I will never pretend to be a sports expert, but I love a good Pats game as much as the next guy.
What I don’t love is how the NFL prioritizes players’ stats over their criminal history.
Antonio Brown was released from the New England Patriots just 11 days after he signed with the Super Bowl champs. This was amid multiple sexual misconduct allegations.
Brown is currently accused of sexually harassing and exposing almost his whole body to a woman who was working at his house in 2017. This woman also reported that he sent her “intimidating text messages.” according to npr.org.
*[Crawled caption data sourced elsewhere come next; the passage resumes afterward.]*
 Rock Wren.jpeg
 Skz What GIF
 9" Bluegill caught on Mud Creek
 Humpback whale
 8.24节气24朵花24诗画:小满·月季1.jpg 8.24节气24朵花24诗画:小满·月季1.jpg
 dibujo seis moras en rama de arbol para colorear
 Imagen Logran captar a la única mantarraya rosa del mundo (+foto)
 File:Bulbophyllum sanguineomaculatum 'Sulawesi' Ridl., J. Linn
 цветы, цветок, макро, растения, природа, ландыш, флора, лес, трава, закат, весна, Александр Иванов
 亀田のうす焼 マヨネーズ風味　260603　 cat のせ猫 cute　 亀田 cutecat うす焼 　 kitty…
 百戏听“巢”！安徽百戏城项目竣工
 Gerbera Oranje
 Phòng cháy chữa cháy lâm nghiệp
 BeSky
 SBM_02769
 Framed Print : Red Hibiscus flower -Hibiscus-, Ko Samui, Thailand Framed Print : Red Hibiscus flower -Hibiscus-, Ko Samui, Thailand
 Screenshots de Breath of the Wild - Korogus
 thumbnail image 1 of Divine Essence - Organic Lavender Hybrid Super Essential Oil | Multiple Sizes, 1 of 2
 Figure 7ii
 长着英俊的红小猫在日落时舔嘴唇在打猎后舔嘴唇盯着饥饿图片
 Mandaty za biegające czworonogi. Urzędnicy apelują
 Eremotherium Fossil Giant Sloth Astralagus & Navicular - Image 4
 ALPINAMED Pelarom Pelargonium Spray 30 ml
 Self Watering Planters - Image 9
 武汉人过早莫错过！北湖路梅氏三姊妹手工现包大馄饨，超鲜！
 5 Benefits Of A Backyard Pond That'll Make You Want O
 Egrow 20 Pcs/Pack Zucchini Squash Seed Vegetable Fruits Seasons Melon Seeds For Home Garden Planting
In addition, Brown’s former trainer has accused him of sexual assault in two instances in 2017 and rape in 2018, according to npr.org.
A quick Google search will give you all the disappointing details, but they will probably be overshadowed by Brown’s career achievements and his short run with our beloved Patriots.
Of course, I realize that everyone is innocent until proven guilty. Maybe the algorithm behind my Google search is programmed to bring up football first. I understand there are different factors that go into this.
My point is that I heard more people say, “the Pats already released Antonio Brown” than “Antonio Brown has been accused of sexual misconduct.” And the former was said with more surprise.
The NFL has a history of employing offenders of violence and sexual assault.
A Washington Post article written by Mark Maske published on Sept. 23 suggests that Brown’s football career may not be completely over.
The article reported that Brown’s agent, Drew Rosenhaus, had spoken to multiple NFL teams about the possibility of him playing for them in the future.
The same article said it is likely that Brown will play in the NFL again, just after these allegations are taken care of.
Unfortunately, Brown wouldn’t be the only player to continue playing after sexual assault allegations.
In 2010, Pittsburgh Steelers quarterback Ben Roethlisberger was accused of sexually assaulting a 20-year-old girl at a nightclub in Georgia. The charges were eventually dropped after inconclusive DNA testing, according to nfl.com.
Again, I know an accusation does not mean someone is automatically guilty.
I do think it is important to keep in mind that less than 10% of rape allegations are false, according to BBC.com.
According to rainn.org, one out of every six women have been victims of rape or attempted rape, and every 73 seconds someone is sexually assaulted in America.
This is unacceptable.
It seems that most times there is a scandal regarding a high-profile athlete, it is covered for a hot minute in the news and then it’s on to the next game.
We need to do better.
On Sept. 22, Antonio Brown tweeted that he “will not be playing with the @NFL anymore.”
He might be done with football, but I’m done with players’ athletic history overshadowing their criminal one.